Klinisch gilt es als typisch, dass Patienten in den ersten Wochen einer antidepressiven Medikation unter einer Zunahme von Unruhe und Getriebenheit leiden können. Diese Getriebenheit trifft auf eine Zeit, in der die depressiven Symptome wie reduzierte Lebensfreude, Hoffnungslosigkeit und Verzweiflung noch voll ausgeprägt sein können.

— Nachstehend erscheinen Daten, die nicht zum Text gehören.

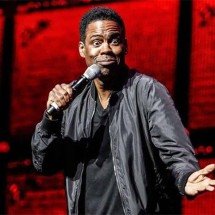 Chris Rock, 61 anos: a trajetória do comediante e a lembrança do tapa no Oscar - Netflix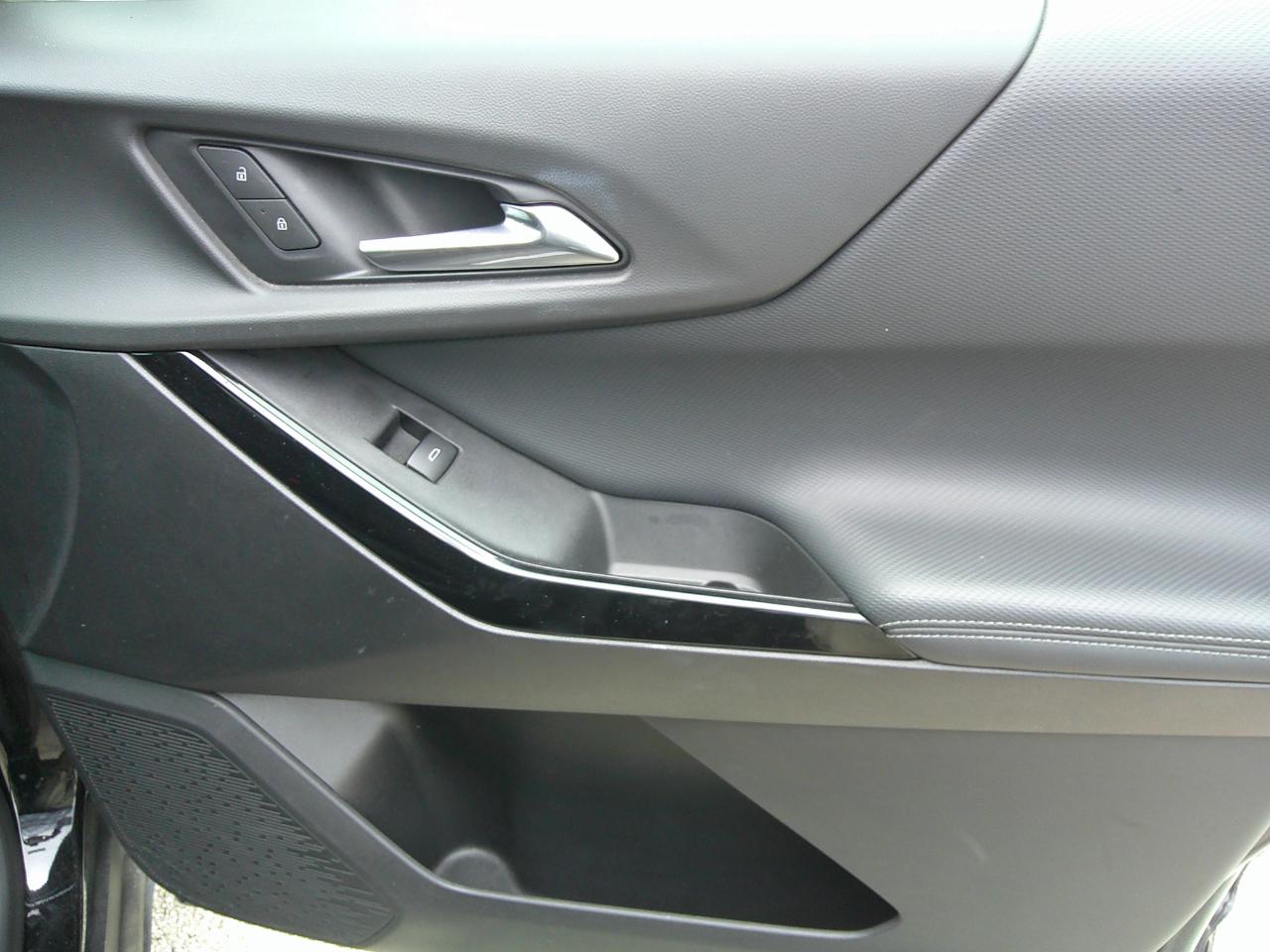 Chevrolet Equinox FWD 4dr LT w/1LT 2025
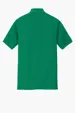 Port & Co Core Blend Pique Polo — view 22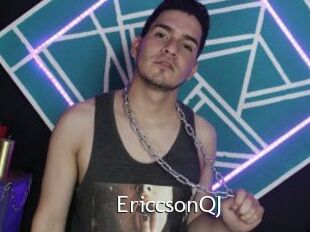 EriccsonQJ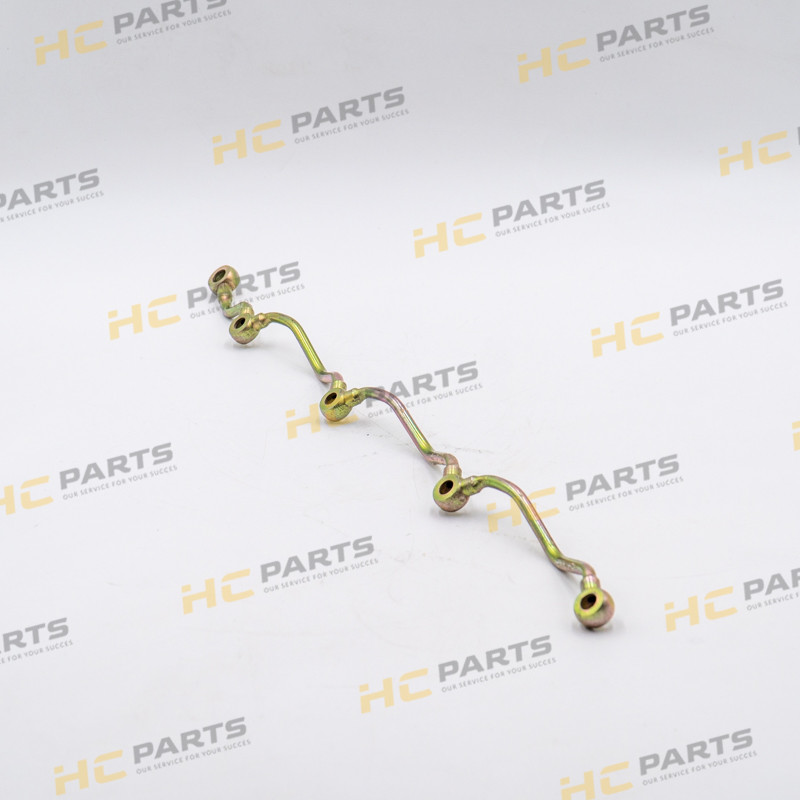 JCB Excess tube Isuzu 4HK1 - JS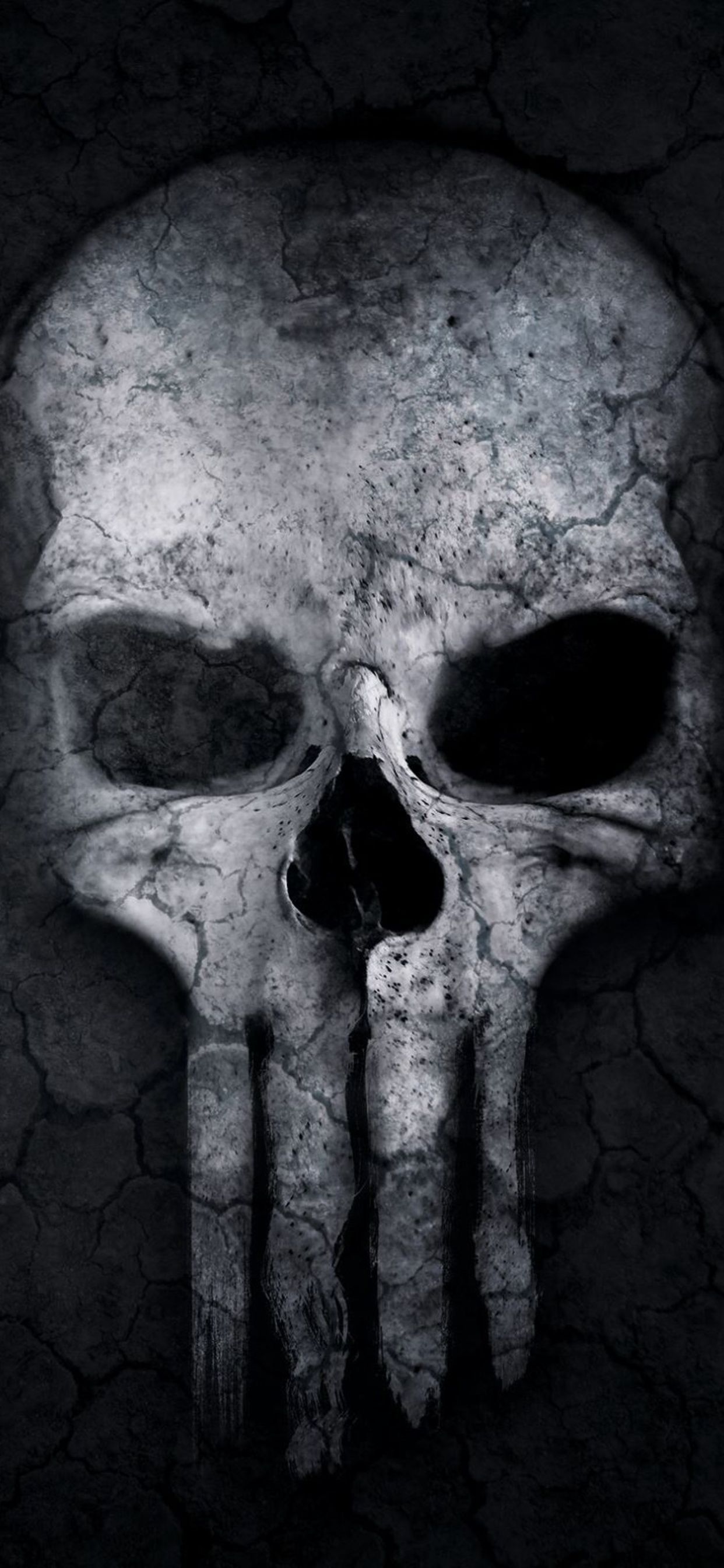 Best The punisher iPhone HD Wallpapers - iLikeWallpaper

In dieser Zeit ist daher ganz besonders genau zu prüfen, ob suizidale Gedanken zunehmen und eine konkrete Gefährdung entsteht.

Die diesbezüglichen Studien haben eine besonders hohe Gefahr für Jugendliche gefunden; über die Jahre hinweg gab es unterschiedliche Warnungen für unterschiedliche Altersgruppen.

Viele Kritiker der Psychopharmakotherapie haben diese Diskussion dann zum Ausgangspunkt genommen, die SSRI für die Behandlung von Depressionen ganz zu verteufeln. Das ist zwar irgendwie verständlich, damit schüttet man aber das Kind mit dem Bade aus.

Meine persönliche Einschätzung:

Ich persönlich habe keinen Zweifel daran, dass durch die Behandlung schwerer Depressionen mit einem SSRI die der Krankheit innewohnende Gefahr eines vollendeten Suizids wesentlich reduziert werden kann. Diese Reduktion ist meiner Einschätzung nach wesentlich größer als die Gefahr, die durch die Verstärkung suizidaler Gedanken durch die Medikation ausgehen könnte. Eine engmaschige Einschätzung der Suizidalität ist daher mit und ohne Psychopharmakotherapie äußerst wichtig.

Wer sich nicht auf die persönlichen Einschätzungen Einzelner verlassen möchte, findet im von Prof. Gründer verlinkten Artikel eine sehr genaue Darstellung der aktuellen Evidenz, deren Lektüre ich jedem an diesem Thema Interessierten sehr ans Herz legen möchte.

Spermien zeigen unter SSRI erhöhte Rate an DNA-Fragmentierungen

SSRI und Fruchtbarkeit

SSRI haben bekanntermaßen Auswirkungen auf die Sexualität; bei Männern führen SSRI nicht selten zu einem verzögerten Orgasmus. Nun ist im Fachmagazin „Fertility and Sterility“ eine Studie erschienen (abstract hier), die bei 35 gesunden Männern die Spermienqualität unter Therapie mit SSRI untersucht hat. Das Ergebnis ist, dass bei 30,3 % der behandelten Probanden DNA-Fragmentierungen, also Brüche in der DNA der Spermien, festgestellt worden sind, verglichen mit 13,8 % vor Beginn der Therapie. Dazu kam, dass 35 % der behandelten Männer über erektile Dysfunktion klagten und 47 % die bekannten Orgasmusstörungen beschrieben. Alle diese Nebenwirkungen verschwanden nach Absetzen der SSRI wieder. Da DNA-Fragmentierungen die Fruchtbarkeit reduzieren können, sollten Männer mit Kinderwunsch über diese Nebenwirkung von SSRI aufgeklärt werden.